§ To do: Set down all the entries again, word for word.

§ Records:
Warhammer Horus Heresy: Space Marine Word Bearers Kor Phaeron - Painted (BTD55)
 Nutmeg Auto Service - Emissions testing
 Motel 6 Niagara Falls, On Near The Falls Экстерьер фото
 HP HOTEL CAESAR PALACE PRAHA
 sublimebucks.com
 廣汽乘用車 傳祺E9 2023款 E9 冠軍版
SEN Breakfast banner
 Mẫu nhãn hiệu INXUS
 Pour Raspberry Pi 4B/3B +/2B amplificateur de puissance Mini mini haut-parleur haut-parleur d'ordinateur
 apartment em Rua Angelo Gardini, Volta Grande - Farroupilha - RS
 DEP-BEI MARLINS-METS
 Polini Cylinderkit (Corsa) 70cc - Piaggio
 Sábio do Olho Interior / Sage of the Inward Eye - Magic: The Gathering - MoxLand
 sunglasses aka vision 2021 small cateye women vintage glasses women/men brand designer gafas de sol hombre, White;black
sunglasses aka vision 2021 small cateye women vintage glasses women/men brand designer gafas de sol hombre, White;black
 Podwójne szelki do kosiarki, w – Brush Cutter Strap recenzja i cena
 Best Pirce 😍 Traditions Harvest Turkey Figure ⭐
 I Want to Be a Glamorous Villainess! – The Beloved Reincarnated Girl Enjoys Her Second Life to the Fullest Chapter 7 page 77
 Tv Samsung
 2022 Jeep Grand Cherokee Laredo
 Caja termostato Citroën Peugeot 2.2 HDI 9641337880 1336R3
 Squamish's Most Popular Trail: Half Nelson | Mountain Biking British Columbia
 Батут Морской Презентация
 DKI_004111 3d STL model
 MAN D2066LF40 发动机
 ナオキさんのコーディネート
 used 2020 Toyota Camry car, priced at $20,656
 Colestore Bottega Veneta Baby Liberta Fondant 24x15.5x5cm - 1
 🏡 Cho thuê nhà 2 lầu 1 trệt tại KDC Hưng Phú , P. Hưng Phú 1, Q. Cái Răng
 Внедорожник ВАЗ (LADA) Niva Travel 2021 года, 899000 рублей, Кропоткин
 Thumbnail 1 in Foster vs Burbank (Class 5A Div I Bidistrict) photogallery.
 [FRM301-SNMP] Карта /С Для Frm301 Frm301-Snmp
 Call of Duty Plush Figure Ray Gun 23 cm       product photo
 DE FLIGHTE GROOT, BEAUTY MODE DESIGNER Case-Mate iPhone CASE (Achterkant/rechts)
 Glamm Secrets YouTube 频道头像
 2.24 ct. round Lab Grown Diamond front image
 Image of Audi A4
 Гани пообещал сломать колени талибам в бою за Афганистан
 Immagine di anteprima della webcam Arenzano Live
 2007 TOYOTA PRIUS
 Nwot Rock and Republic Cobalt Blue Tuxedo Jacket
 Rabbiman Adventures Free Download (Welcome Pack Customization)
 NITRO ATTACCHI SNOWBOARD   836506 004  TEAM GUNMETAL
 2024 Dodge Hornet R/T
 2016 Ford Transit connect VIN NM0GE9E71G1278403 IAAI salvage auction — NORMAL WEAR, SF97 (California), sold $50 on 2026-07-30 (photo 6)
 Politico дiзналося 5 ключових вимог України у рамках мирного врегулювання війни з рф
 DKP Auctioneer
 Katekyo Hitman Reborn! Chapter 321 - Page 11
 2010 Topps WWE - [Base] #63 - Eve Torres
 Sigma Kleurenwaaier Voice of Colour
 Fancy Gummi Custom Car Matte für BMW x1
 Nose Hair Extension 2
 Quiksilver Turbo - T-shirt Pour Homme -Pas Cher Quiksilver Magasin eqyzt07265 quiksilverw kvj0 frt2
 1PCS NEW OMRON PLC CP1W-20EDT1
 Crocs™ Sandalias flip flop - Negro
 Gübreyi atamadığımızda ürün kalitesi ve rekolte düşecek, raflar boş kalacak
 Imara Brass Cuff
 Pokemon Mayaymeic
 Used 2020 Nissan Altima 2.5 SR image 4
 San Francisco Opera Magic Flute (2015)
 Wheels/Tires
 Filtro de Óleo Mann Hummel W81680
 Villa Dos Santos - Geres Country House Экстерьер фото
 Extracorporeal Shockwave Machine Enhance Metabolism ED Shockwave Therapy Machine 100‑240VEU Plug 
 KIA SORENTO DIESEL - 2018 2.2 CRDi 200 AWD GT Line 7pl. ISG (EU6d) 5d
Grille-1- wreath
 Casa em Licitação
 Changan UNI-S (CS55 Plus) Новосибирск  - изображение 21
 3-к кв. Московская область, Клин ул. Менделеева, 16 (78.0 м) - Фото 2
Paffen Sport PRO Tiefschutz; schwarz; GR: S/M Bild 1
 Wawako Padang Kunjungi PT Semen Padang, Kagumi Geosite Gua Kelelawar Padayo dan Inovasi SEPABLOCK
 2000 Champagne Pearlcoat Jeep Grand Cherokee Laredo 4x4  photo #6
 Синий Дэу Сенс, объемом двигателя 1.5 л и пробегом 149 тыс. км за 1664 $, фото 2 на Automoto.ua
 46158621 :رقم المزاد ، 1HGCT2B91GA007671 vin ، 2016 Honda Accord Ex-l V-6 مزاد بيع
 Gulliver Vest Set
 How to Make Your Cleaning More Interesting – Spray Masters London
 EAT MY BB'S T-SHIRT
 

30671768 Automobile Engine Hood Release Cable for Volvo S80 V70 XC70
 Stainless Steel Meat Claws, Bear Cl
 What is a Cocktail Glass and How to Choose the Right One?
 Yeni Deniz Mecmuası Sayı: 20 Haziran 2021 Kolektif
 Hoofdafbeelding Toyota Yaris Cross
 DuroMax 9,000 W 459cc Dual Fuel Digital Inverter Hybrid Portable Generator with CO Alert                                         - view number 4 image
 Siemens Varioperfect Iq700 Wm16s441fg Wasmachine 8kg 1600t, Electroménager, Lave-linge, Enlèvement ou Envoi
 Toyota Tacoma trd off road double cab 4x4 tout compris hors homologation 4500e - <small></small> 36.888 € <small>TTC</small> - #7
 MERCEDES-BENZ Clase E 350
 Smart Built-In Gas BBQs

§ Problem solution:
Warhammer Horus Heresy: Space Marine Word Bearers Kor Phaeron - Painted (BTD55)
 Nutmeg Auto Service - Emissions testing
 Motel 6 Niagara Falls, On Near The Falls Экстерьер фото
 HP HOTEL CAESAR PALACE PRAHA
 sublimebucks.com
 廣汽乘用車 傳祺E9 2023款 E9 冠軍版
SEN Breakfast banner
 Mẫu nhãn hiệu INXUS
 Pour Raspberry Pi 4B/3B +/2B amplificateur de puissance Mini mini haut-parleur haut-parleur d'ordinateur
 apartment em Rua Angelo Gardini, Volta Grande - Farroupilha - RS
 DEP-BEI MARLINS-METS
 Polini Cylinderkit (Corsa) 70cc - Piaggio
 Sábio do Olho Interior / Sage of the Inward Eye - Magic: The Gathering - MoxLand
 sunglasses aka vision 2021 small cateye women vintage glasses women/men brand designer gafas de sol hombre, White;black
sunglasses aka vision 2021 small cateye women vintage glasses women/men brand designer gafas de sol hombre, White;black
 Podwójne szelki do kosiarki, w – Brush Cutter Strap recenzja i cena
 Best Pirce 😍 Traditions Harvest Turkey Figure ⭐
 I Want to Be a Glamorous Villainess! – The Beloved Reincarnated Girl Enjoys Her Second Life to the Fullest Chapter 7 page 77
 Tv Samsung
 2022 Jeep Grand Cherokee Laredo
 Caja termostato Citroën Peugeot 2.2 HDI 9641337880 1336R3
 Squamish's Most Popular Trail: Half Nelson | Mountain Biking British Columbia
 Батут Морской Презентация
 DKI_004111 3d STL model
 MAN D2066LF40 发动机
 ナオキさんのコーディネート
 used 2020 Toyota Camry car, priced at $20,656
 Colestore Bottega Veneta Baby Liberta Fondant 24x15.5x5cm - 1
 🏡 Cho thuê nhà 2 lầu 1 trệt tại KDC Hưng Phú , P. Hưng Phú 1, Q. Cái Răng
 Внедорожник ВАЗ (LADA) Niva Travel 2021 года, 899000 рублей, Кропоткин
 Thumbnail 1 in Foster vs Burbank (Class 5A Div I Bidistrict) photogallery.
 [FRM301-SNMP] Карта /С Для Frm301 Frm301-Snmp
 Call of Duty Plush Figure Ray Gun 23 cm       product photo
 DE FLIGHTE GROOT, BEAUTY MODE DESIGNER Case-Mate iPhone CASE (Achterkant/rechts)
 Glamm Secrets YouTube 频道头像
 2.24 ct. round Lab Grown Diamond front image
 Image of Audi A4
 Гани пообещал сломать колени талибам в бою за Афганистан
 Immagine di anteprima della webcam Arenzano Live
 2007 TOYOTA PRIUS
 Nwot Rock and Republic Cobalt Blue Tuxedo Jacket
 Rabbiman Adventures Free Download (Welcome Pack Customization)
 NITRO ATTACCHI SNOWBOARD   836506 004  TEAM GUNMETAL
 2024 Dodge Hornet R/T
 2016 Ford Transit connect VIN NM0GE9E71G1278403 IAAI salvage auction — NORMAL WEAR, SF97 (California), sold $50 on 2026-07-30 (photo 6)
 Politico дiзналося 5 ключових вимог України у рамках мирного врегулювання війни з рф
 DKP Auctioneer
 Katekyo Hitman Reborn! Chapter 321 - Page 11
 2010 Topps WWE - [Base] #63 - Eve Torres
 Sigma Kleurenwaaier Voice of Colour
 Fancy Gummi Custom Car Matte für BMW x1
 Nose Hair Extension 2
 Quiksilver Turbo - T-shirt Pour Homme -Pas Cher Quiksilver Magasin eqyzt07265 quiksilverw kvj0 frt2
 1PCS NEW OMRON PLC CP1W-20EDT1
 Crocs™ Sandalias flip flop - Negro
 Gübreyi atamadığımızda ürün kalitesi ve rekolte düşecek, raflar boş kalacak
 Imara Brass Cuff
 Pokemon Mayaymeic
 Used 2020 Nissan Altima 2.5 SR image 4
 San Francisco Opera Magic Flute (2015)
 Wheels/Tires
 Filtro de Óleo Mann Hummel W81680
 Villa Dos Santos - Geres Country House Экстерьер фото
 Extracorporeal Shockwave Machine Enhance Metabolism ED Shockwave Therapy Machine 100‑240VEU Plug 
 KIA SORENTO DIESEL - 2018 2.2 CRDi 200 AWD GT Line 7pl. ISG (EU6d) 5d
Grille-1- wreath
 Casa em Licitação
 Changan UNI-S (CS55 Plus) Новосибирск  - изображение 21
 3-к кв. Московская область, Клин ул. Менделеева, 16 (78.0 м) - Фото 2
Paffen Sport PRO Tiefschutz; schwarz; GR: S/M Bild 1
 Wawako Padang Kunjungi PT Semen Padang, Kagumi Geosite Gua Kelelawar Padayo dan Inovasi SEPABLOCK
 2000 Champagne Pearlcoat Jeep Grand Cherokee Laredo 4x4  photo #6
 Синий Дэу Сенс, объемом двигателя 1.5 л и пробегом 149 тыс. км за 1664 $, фото 2 на Automoto.ua
 46158621 :رقم المزاد ، 1HGCT2B91GA007671 vin ، 2016 Honda Accord Ex-l V-6 مزاد بيع
 Gulliver Vest Set
 How to Make Your Cleaning More Interesting – Spray Masters London
 EAT MY BB'S T-SHIRT
 

30671768 Automobile Engine Hood Release Cable for Volvo S80 V70 XC70
 Stainless Steel Meat Claws, Bear Cl
 What is a Cocktail Glass and How to Choose the Right One?
 Yeni Deniz Mecmuası Sayı: 20 Haziran 2021 Kolektif
 Hoofdafbeelding Toyota Yaris Cross
 DuroMax 9,000 W 459cc Dual Fuel Digital Inverter Hybrid Portable Generator with CO Alert                                         - view number 4 image
 Siemens Varioperfect Iq700 Wm16s441fg Wasmachine 8kg 1600t, Electroménager, Lave-linge, Enlèvement ou Envoi
 Toyota Tacoma trd off road double cab 4x4 tout compris hors homologation 4500e - <small></small> 36.888 € <small>TTC</small> - #7
 MERCEDES-BENZ Clase E 350
 Smart Built-In Gas BBQs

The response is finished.